# Japanese books to learn Spanish



## neoarcangel

Hi, I trying compose this sentence in japanese

"Japanese books to learn spanish"

Is this correct like this?

日本人の本はスペイン語に学ぶです

or better like this?

日本人の本はスペイン語に学ぶ

thanks in advantage


----------



## nn.om

Sorry I can't help you, but 日本人 sounds incorrect >.< I have the vocabulary but I'm still not so confident about my Japanese grammar. Waiting for someone else's response


----------



## Flaminius

日本人 is a Japanese person.  It consists of the toponym for Japan and the suffix for ethnic, tribal, racial groups.

Language names are derived in the same way. This time you should use 語, the suffix for languages; 日本語.  [By the way, language names and their adjectives are capitalised (so are ethnic names) in English, *neoacangel*.]

Japanese books to learn Spanish:
You say you want to translate this sentence into Japanese.  Are you sure you want to treat it as a sentence?  In other words, do you think books can learn a language?  Perhaps you want those books to be used by Japanese people for studying Spanish?  Then, you are translating this as a noun phrase.

I wouldn't have asked this question if I hadn't seen your two attempts.  I find them funny but you seem to be serious about it.  If that is the case, I am eager to help you seriously be funny.


----------



## 涼宮

I see the sentence as a title of some sort. So, I'd say it as: 日本語を学ぶための日本語の本 or 日本語を勉強するための日本語の本.


----------



## neoarcangel

*Flaminius* ""Perhaps you want those books to be used by Japanese people for studying Spanish?""

Yes, that's the point

""Then, you are translating this as a noun phrase""

I don't understand which part do you refer?

*涼宮* 

Yes, I think that that is what I was searching

日本語を学ぶための日本語の本 or 日本語を勉強するための日本語の本.

but won't be like that ?

スペイン語を学ぶための日本語の本 or スペイン語を勉強するための日本語の本.

Am I wrong?


----------



## Ilmen

Sí, está en lo correcto. 

「スペイン語を学ぶための日本語の本」 = "Japanese book(s) for learning Spanish".


----------



## 涼宮

Yes, sorry! I didn't notice I wrote 'for learning Japanese''


----------



## Wishfull

スペイン語を学ぶための日本語の本
スペイン語を学ぶための日本語で書かれた本
日本語で書かれたスペイン語学習書
スペイン語を学ぶための日本の本
日本のスペイン語学習書


----------



## Flaminius

neoarcangel said:


> ""Then, you are translating this as a noun phrase""
> 
> I don't understand which part do you refer?


The whole part.  Your attempts in Japanese were sentences with Japanese books as the subject.
With your opening remark "Hi, I trying compose this sentence in japanese," I thought I needed your confirmation if what you wanted was a construction that you can use like a noun, which we call a noun phrase.
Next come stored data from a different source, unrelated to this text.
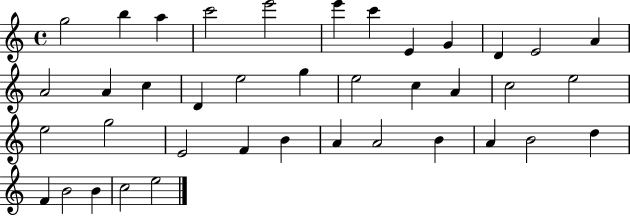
G5/h B5/q A5/q C6/h E6/h E6/q C6/q E4/q G4/q D4/q E4/h A4/q A4/h A4/q C5/q D4/q E5/h G5/q E5/h C5/q A4/q C5/h E5/h E5/h G5/h E4/h F4/q B4/q A4/q A4/h B4/q A4/q B4/h D5/q F4/q B4/h B4/q C5/h E5/h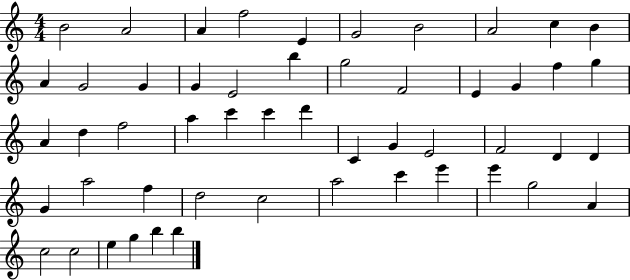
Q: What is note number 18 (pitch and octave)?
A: F4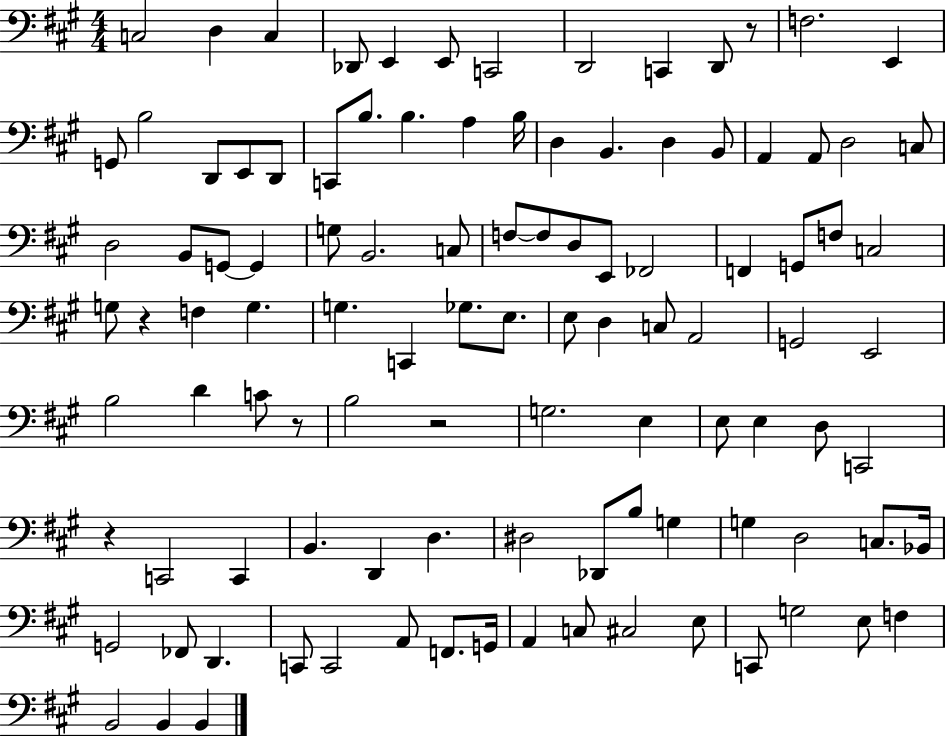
X:1
T:Untitled
M:4/4
L:1/4
K:A
C,2 D, C, _D,,/2 E,, E,,/2 C,,2 D,,2 C,, D,,/2 z/2 F,2 E,, G,,/2 B,2 D,,/2 E,,/2 D,,/2 C,,/2 B,/2 B, A, B,/4 D, B,, D, B,,/2 A,, A,,/2 D,2 C,/2 D,2 B,,/2 G,,/2 G,, G,/2 B,,2 C,/2 F,/2 F,/2 D,/2 E,,/2 _F,,2 F,, G,,/2 F,/2 C,2 G,/2 z F, G, G, C,, _G,/2 E,/2 E,/2 D, C,/2 A,,2 G,,2 E,,2 B,2 D C/2 z/2 B,2 z2 G,2 E, E,/2 E, D,/2 C,,2 z C,,2 C,, B,, D,, D, ^D,2 _D,,/2 B,/2 G, G, D,2 C,/2 _B,,/4 G,,2 _F,,/2 D,, C,,/2 C,,2 A,,/2 F,,/2 G,,/4 A,, C,/2 ^C,2 E,/2 C,,/2 G,2 E,/2 F, B,,2 B,, B,,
In addition to examples as graded by *Wishfull*, here is one more:
日本語でスペイン語が学べる本


----------



## neoarcangel

Ok, very thankfull at everyone, that was I wanted. and Flaminius, sorry for confusion, my english isn´t very good and maybe that I express myself in a incorrect way. Anyway, for the next time, ¿It is possible writing in spanish in this subforum?


----------



## Ilmen

Yes, you can. But the thing is that most Japanese people who attend this subforum don't speak Spanish, so unless somebody else translate your post into English or Japanese, you may well not get any reply from native Japanese speakers.
But apart from native speakers, there is still some people who can speak Spanish around here, such as me and 涼宮 (Suzumiya). ♪

Sí, puede. Pero el hecho es que la mayoría de los japoneses que visitan este subforo no hablan español, así que a menos que alguien traduce su mensaje al inglés o al japonés, podría no obtener ninguna respuesta de parte de los hablantes nativos del japonés.
Pero aparte de ellos, hay a pesar de todo unas personas que pueden hablar español por acá, como mí y 涼宮 (Suzumiya). ♪


----------



## neoarcangel

Ok, thank you. It is the thing that I want to know, although for the moment I follow to try writing in english althought I writing very bad.

Ok, gracias, es lo que queria saber, aunque por el momento seguiré intentando escribir en ingles aunque lo haga fatal


----------